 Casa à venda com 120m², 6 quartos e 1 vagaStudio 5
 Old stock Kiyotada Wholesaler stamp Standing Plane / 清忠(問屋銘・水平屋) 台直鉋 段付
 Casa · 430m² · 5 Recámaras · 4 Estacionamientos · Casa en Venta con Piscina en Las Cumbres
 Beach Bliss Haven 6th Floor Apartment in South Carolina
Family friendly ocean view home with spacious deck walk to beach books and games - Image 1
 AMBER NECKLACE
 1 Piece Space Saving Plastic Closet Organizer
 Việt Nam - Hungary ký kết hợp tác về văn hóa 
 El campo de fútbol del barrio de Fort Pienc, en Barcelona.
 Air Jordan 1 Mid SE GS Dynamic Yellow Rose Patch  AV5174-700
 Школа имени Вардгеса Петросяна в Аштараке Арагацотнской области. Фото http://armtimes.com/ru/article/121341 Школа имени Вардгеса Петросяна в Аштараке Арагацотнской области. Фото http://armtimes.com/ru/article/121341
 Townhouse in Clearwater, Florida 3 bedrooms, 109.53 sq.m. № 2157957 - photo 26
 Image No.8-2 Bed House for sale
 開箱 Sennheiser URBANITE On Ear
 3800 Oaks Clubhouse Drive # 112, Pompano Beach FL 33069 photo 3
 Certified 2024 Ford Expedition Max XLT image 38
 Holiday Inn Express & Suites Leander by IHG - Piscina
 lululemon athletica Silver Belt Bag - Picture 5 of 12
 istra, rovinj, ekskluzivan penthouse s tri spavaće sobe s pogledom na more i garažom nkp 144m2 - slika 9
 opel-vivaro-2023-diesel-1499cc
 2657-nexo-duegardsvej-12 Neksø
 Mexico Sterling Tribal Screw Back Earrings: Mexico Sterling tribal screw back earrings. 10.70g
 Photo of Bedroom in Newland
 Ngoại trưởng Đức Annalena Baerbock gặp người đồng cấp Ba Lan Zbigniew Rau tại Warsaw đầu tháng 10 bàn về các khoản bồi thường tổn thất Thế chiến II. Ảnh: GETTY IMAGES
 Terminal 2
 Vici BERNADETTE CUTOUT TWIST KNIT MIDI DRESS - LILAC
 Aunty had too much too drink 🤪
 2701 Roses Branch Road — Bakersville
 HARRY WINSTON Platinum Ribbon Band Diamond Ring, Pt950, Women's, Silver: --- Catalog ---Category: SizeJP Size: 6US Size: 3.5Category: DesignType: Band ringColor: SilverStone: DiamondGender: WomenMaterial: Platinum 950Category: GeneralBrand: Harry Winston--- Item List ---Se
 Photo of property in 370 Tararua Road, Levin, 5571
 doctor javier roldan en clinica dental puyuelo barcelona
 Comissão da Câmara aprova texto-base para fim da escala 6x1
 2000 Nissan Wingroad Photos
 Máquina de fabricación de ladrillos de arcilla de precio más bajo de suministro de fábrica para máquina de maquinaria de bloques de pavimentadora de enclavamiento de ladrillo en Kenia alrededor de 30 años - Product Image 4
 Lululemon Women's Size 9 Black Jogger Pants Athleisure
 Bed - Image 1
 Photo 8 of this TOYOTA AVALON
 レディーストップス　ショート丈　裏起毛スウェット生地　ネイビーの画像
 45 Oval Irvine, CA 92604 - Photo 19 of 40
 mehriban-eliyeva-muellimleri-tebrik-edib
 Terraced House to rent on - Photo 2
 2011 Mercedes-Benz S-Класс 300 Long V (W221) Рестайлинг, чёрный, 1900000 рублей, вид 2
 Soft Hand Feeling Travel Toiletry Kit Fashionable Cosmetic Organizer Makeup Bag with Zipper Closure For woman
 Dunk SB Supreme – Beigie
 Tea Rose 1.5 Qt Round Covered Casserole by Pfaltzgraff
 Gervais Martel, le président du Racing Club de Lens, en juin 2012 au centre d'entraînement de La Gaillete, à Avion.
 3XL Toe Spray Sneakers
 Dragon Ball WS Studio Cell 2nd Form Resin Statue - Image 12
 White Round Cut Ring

▸ **TO DO**: Send back the lines of the records word for word, from the very first through the line containing "Air Jordan 1".

▸ **RESPONSE AREA**:
 Casa à venda com 120m², 6 quartos e 1 vagaStudio 5
 Old stock Kiyotada Wholesaler stamp Standing Plane / 清忠(問屋銘・水平屋) 台直鉋 段付
 Casa · 430m² · 5 Recámaras · 4 Estacionamientos · Casa en Venta con Piscina en Las Cumbres
 Beach Bliss Haven 6th Floor Apartment in South Carolina
Family friendly ocean view home with spacious deck walk to beach books and games - Image 1
 AMBER NECKLACE
 1 Piece Space Saving Plastic Closet Organizer
 Việt Nam - Hungary ký kết hợp tác về văn hóa 
 El campo de fútbol del barrio de Fort Pienc, en Barcelona.
 Air Jordan 1 Mid SE GS Dynamic Yellow Rose Patch  AV5174-700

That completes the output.